Comptes rendus de l’Académie des sciences 52 (February 25, 1861): 344-47;
Reprinted in Oeuvres de Pasteur, vol. 2, pp. 136-38. Translation by A.S. Weber.
The variety of products formed by the so-called lactic fermentation are well known. Lactic acid, a gum, mannite, butyric acid, alcohol, carbonic acid and hydrogen appear simultaneously or successively in extremely variable and quite unexpected proportions. I have slowly realized that the vegetable ferment which transforms sugar into lactic acid is different from the one or ones (because there are two of them) which determine the production of the gummy material, and that these ferments do not produce lactic acid.
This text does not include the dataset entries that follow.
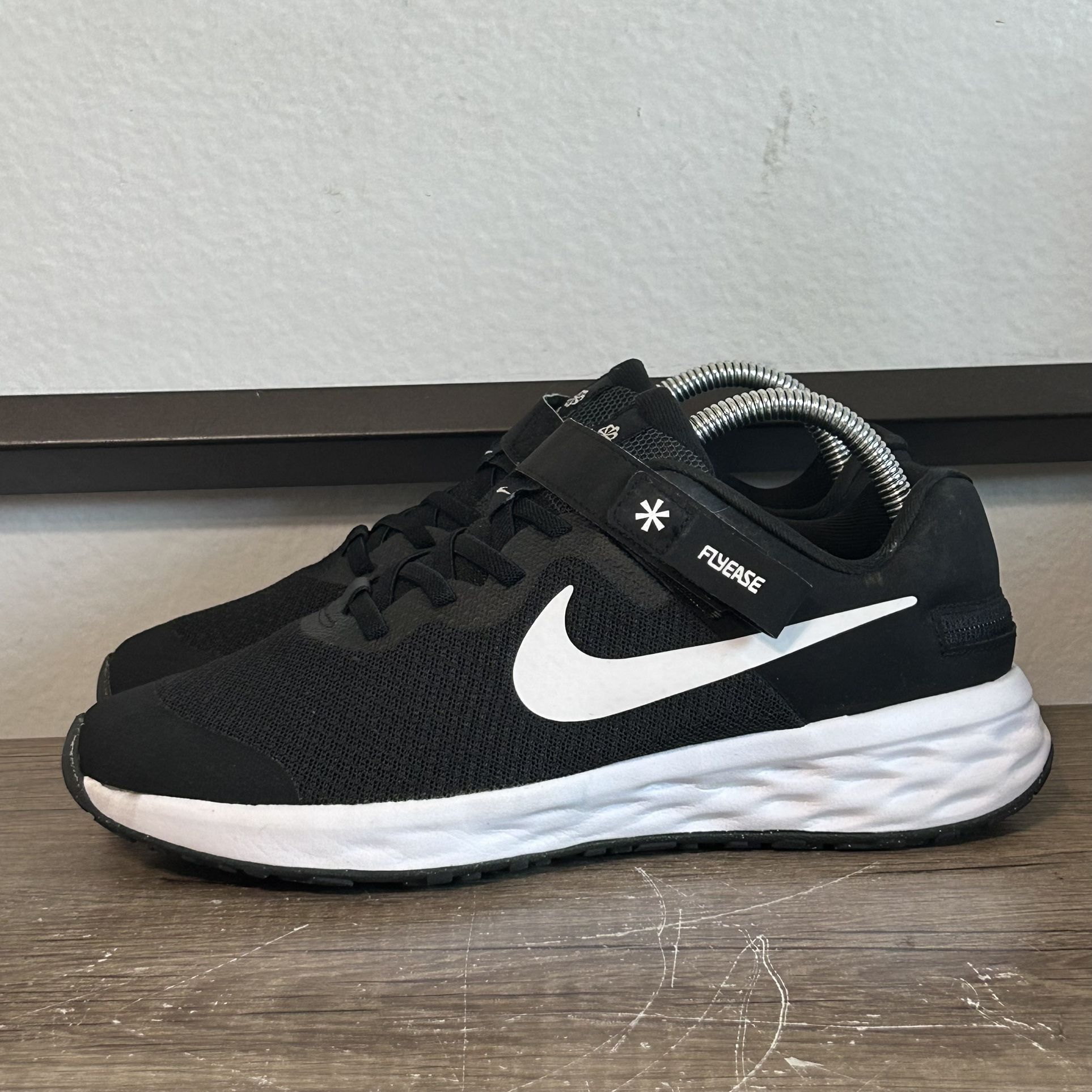 Nike Revolution 6 Youth Shoes Size 7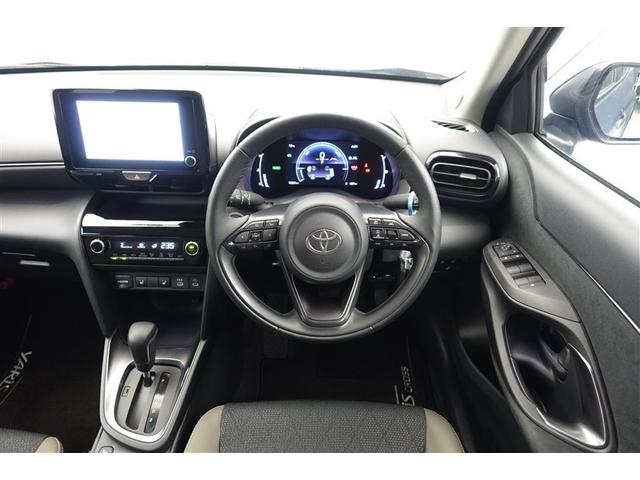 ヤリスクロス ハイブリッドＺ　ドライブレコーダ　インテリジェントキー　アルミホイル　ＬＥＤライト　１オ－ナ－　リアカメラ　クルーズコントロール　整備記録簿　横滑り防止システム　ナビＴＶ　メモリーナビゲーション　電動シ－ト　パワステ（5枚目）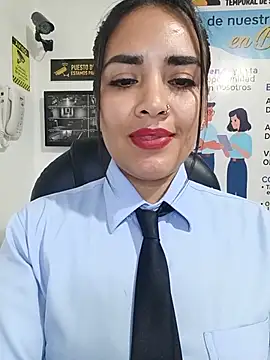 MAYE__13 Adlı Modelin Web Kamerası Şovu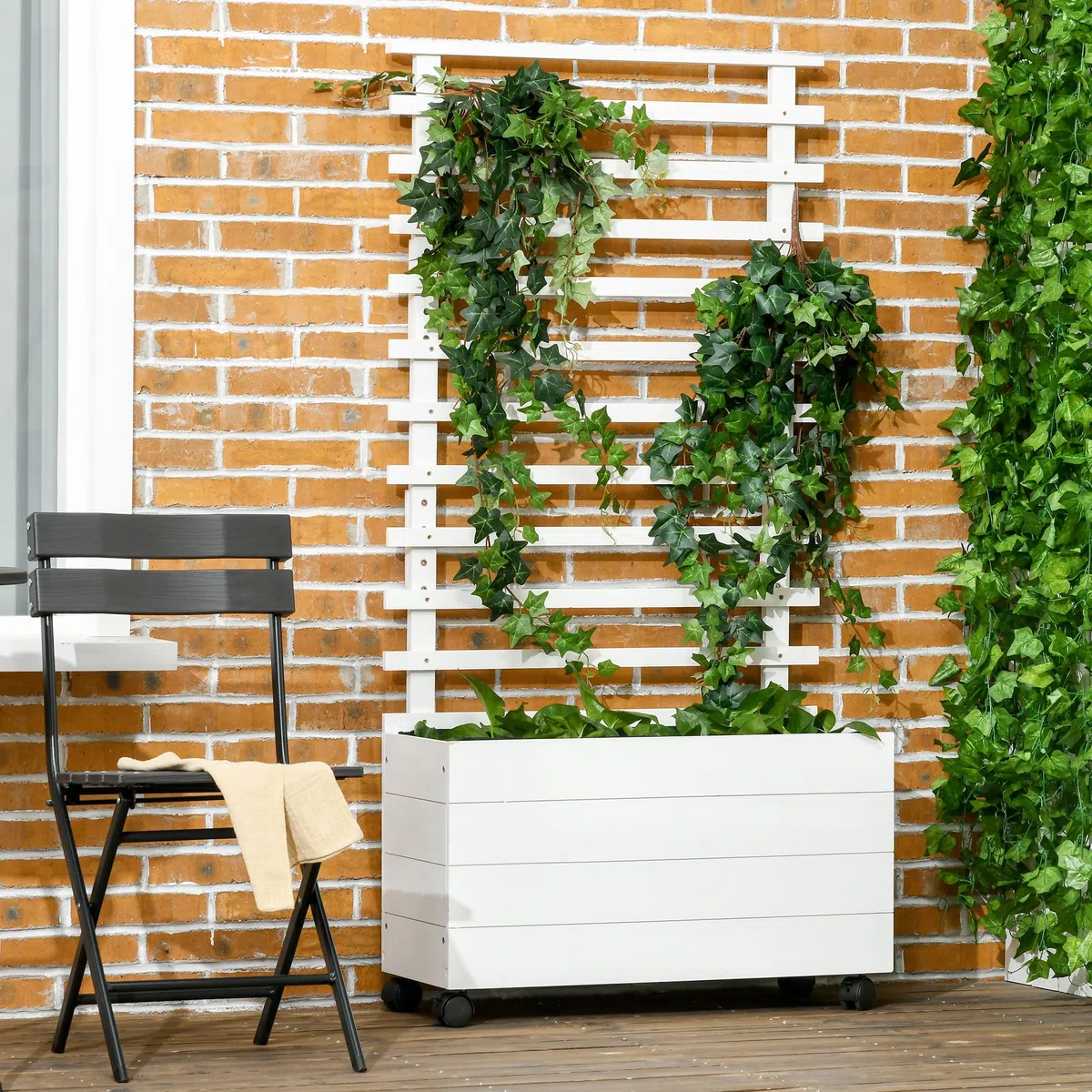 Outsunny Fioriera Rialzata Verticale con 4 Ruote e Traliccio per Piante Rampicanti in Legno di Abete, 76x30x155cm, Bianco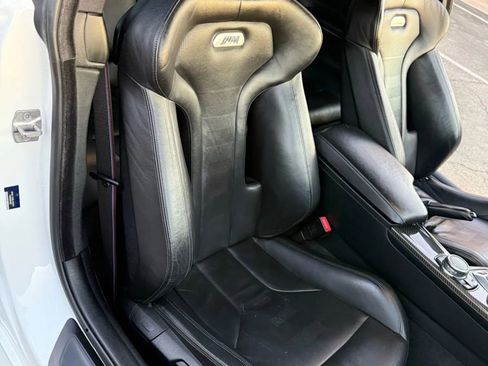Used 2017 BMW M4 Coupe image 25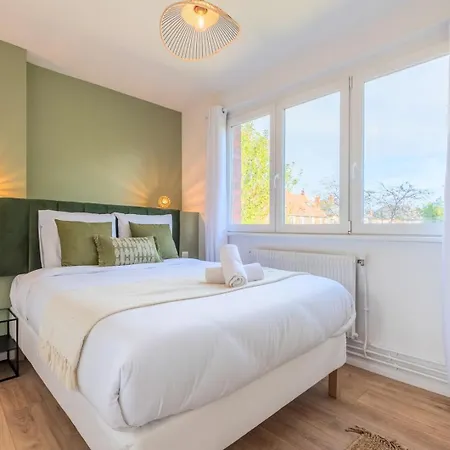 Casa de hóspedes 3 Bedroom House With Garden Near Lille + Garage Lambersart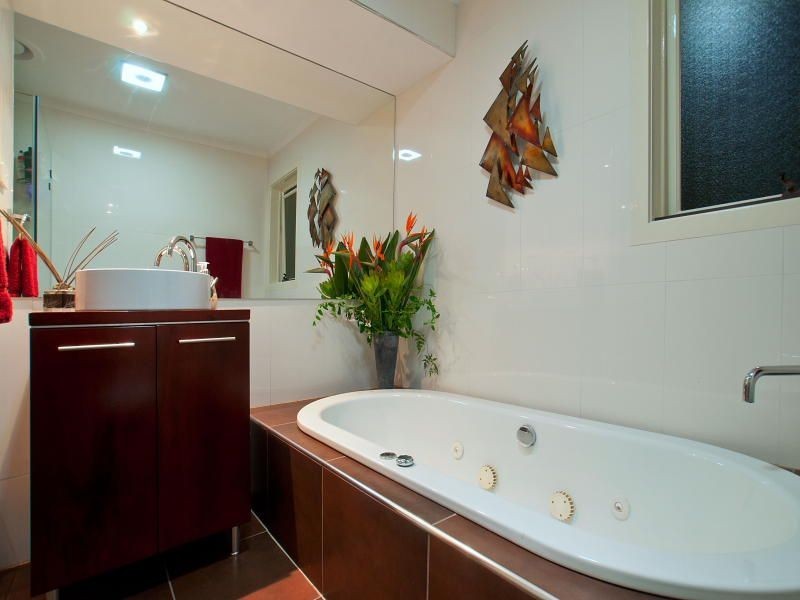 327 Heatherhill Road, Frankston VIC 3199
Moreover, I have also recognized that these various vegetable ferments, if they are perfectly pure, can in no way give rise to butyric acid.
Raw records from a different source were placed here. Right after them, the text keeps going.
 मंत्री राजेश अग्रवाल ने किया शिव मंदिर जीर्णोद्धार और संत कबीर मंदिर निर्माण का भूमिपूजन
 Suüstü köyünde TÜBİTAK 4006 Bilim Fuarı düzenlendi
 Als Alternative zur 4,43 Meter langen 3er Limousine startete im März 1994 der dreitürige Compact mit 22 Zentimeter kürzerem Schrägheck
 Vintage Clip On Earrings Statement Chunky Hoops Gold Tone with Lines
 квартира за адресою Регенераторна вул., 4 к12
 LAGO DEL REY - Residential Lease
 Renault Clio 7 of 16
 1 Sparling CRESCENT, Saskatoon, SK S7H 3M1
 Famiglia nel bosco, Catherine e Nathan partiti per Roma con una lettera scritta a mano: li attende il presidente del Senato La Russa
Therefore there must be a specific butyric ferment. I have focussed my attention on this point for a long time. The communication which I have the honor of addressing to the Academy today precisely concerns the origin of butyric acid in the so-called lactic acid fermentation. I will not enter here into all the details of this research. I will first limit myself to announcing one of the conclusions of my work: that is, the butyric ferment is an infusorian.
I had been prepared not to expect this result, to such a degree that for a long time I felt compelled to prevent the appearance of these little animals, for fear that they were not drawing nourishment from the vegetable ferment which I had assumed to be the butyric ferment, the same vegetable ferment which I was searching to discover in the liquid media that I was using. But unsuccessful in uncovering the cause of the origin of the butyric acid, I was in the end struck by the coincidence, that my analyses showed me to be inevitable, between the acid and the infusoria, and conversely between the infusoria and the production of the acid, a fact that I had previously attributed to the favorable and suitable environment that the butyric acid provided to these animalcules. Since then, a great number of experiments have convinced me that the transformation of sugar, mannite, and lactic acid into butyric acid is due exclusively to these infusoria, and that it is necessary to consider them as the true butyric ferment.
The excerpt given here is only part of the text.